A Bahrain spaceport?

It looks like this week is spaceport week for the personal spaceflight industry. A front-page article in the Bahrain Tribune on Thursday claimed that Virgin Galactic was planning to establish a spaceport in Bahrain for suborbital space tourism. (The article is no longer available on the newspaper’s web site, and its JavaScript-based system makes permalinks effectively impossible.) The article claimed that Virgin based the decision on the Persian Gulf nation’s “infrastructure and ideal geo-political positioning.” The decision, officially under wraps according to unnamed sources cited in the article, could be revealed as soon as February.

Virgin Galactic quickly moved to squash the rumors, telling Bloomberg News, TradeArabia, and another Bahrain newspaper, the Gulf Daily News, that the company had no plans to establish a spaceport in Bahrain, or anywhere else in the Persian Gulf. “We have looked at Sweden and the possibility of opening one in Scotland,” Virgin Galactic spokeswoman Jackie McQuillan told the Gulf Daily News, “But as for opening one in Bahrain, or even in Dubai, that is not true at all.”

The Daily News article leans on its own unnamed sources to say that even if Branson elected to establish a spaceport at some point in the region, it most likely would be in Dubai or elsewhere in the UAE, citing Branson’s visit to Dubai earlier this year, where the subject of a spaceport came up. Ras Al Khaimah, another emirate within the UAE, already has plans to develop a spaceport in cooperation with Space Adventures.

While the Tribune article might be short on facts (among other things, it calls Rocketplane Kistler’s George French a “billionaire” and Canadian Arrow’s Geoff Sheerin a “tycoon”), it does make a point that a spaceport in Bahrain, or elsewhere in the region, would be “more viable and easier to access for this part of the world.” Not everyone will want to travel to New Mexico or California or Oklahoma just to fly into space, and many people will want to see their own region of the world from space, rather than the potentially unfamiliar geography of the American Southwest. There may not be any plans in the works now for a Virgin Galactic spaceport in Bahrain or the Persian Gulf region, but if the company is successful it may only be a matter of time before one is developed.
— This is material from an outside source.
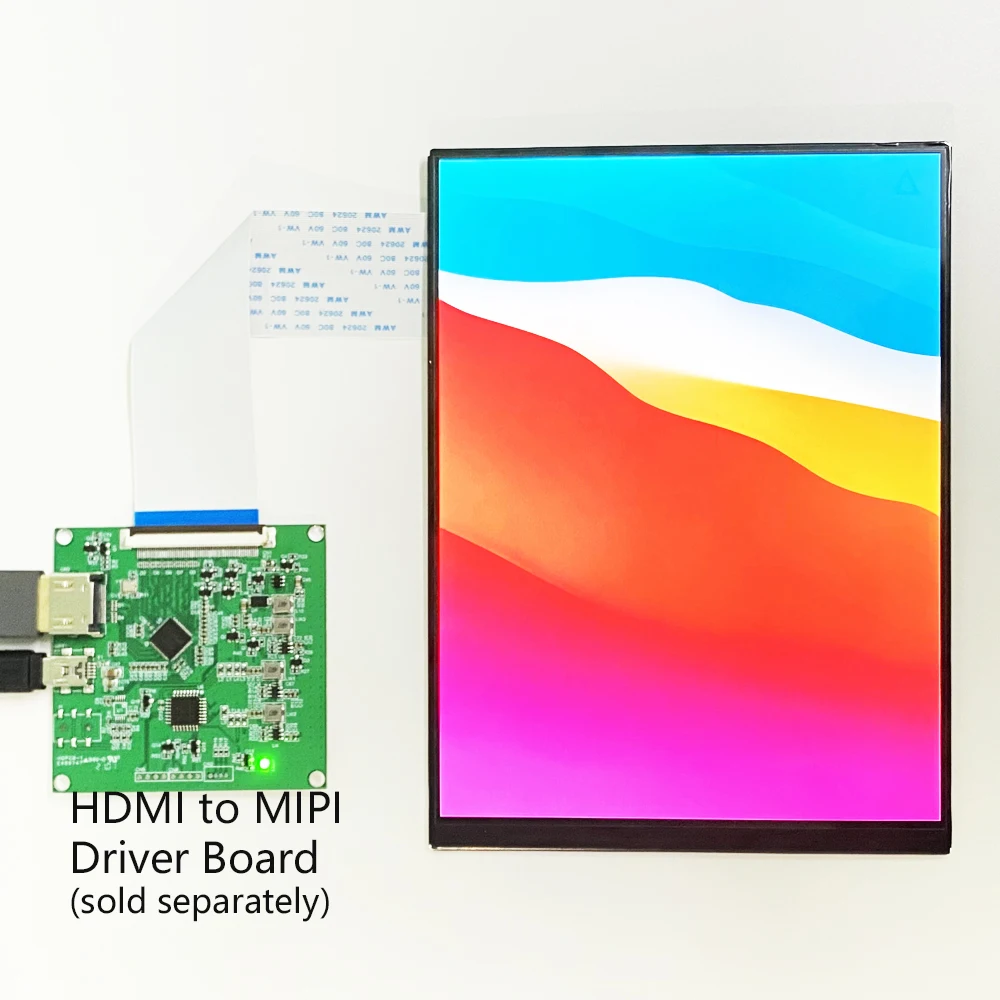 Sharp 7.9/8 Inch 2K 1536*2048 Resolution 4:3 TFT-LCD Display Module 460cd/m2 IPS Panel LCD Screen Ultra-thin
5 comments to A Bahrain spaceport?

  • Chance

    I wonder how many spaceports the region can handle economically? I believe I asked this same question a while back about US spaceports, and that answer is probably the same: we won’t know until they are there and operating for a while.

  • Ken Gosier

    Just a procedural question: How do you manage to keep up with these far-flung news services, like the Bahrain tribune? Do you have some kind of a google news hack?
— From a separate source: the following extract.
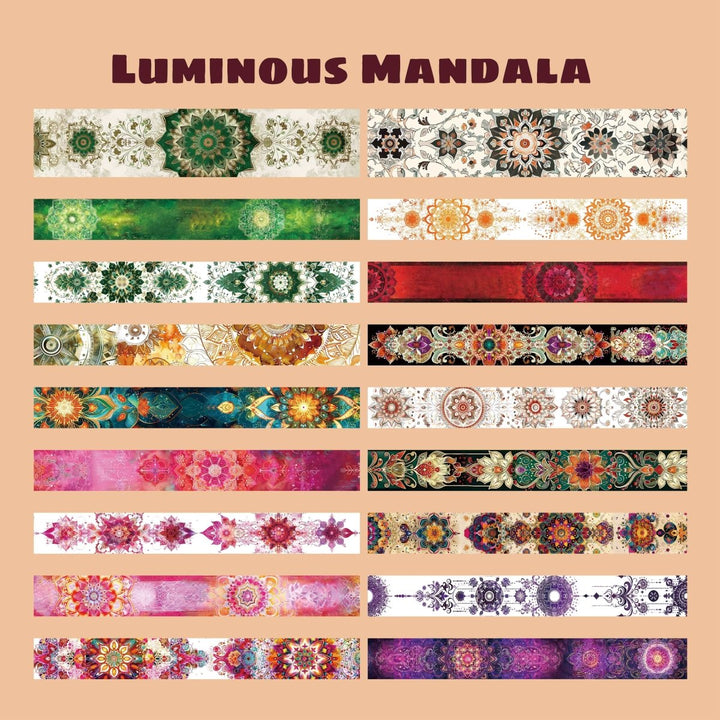 Luminous Mandala - 36 Rolls Washi Tape Set - IEEBEE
    Many thanks, just curious, great website! :-)

  • Jeff Foust

    Chance: you’re right in that we don’t really know how many spaceports that region (or worldwide) for that matter, can support. It will depend on the number of operators, their sortie rates, and levels of demand. Given the concentration of wealthy people in that part of the world, though, it’s not unreasonable to think that there would be enough interest to support at least one spaceport for suborbital space tourism.

    Ken: you mean you don’t read the Bahrain Tribune on a daily basis? :) Actually, you’ve pretty much right: I scan Google News on a regular basis for stories about space tourism and key companies in the field to find news articles from relatively obscure publications on relevant topics.

  • Branson denying a rumor. Dog bites man.

  • Correction, man bitten by own petard.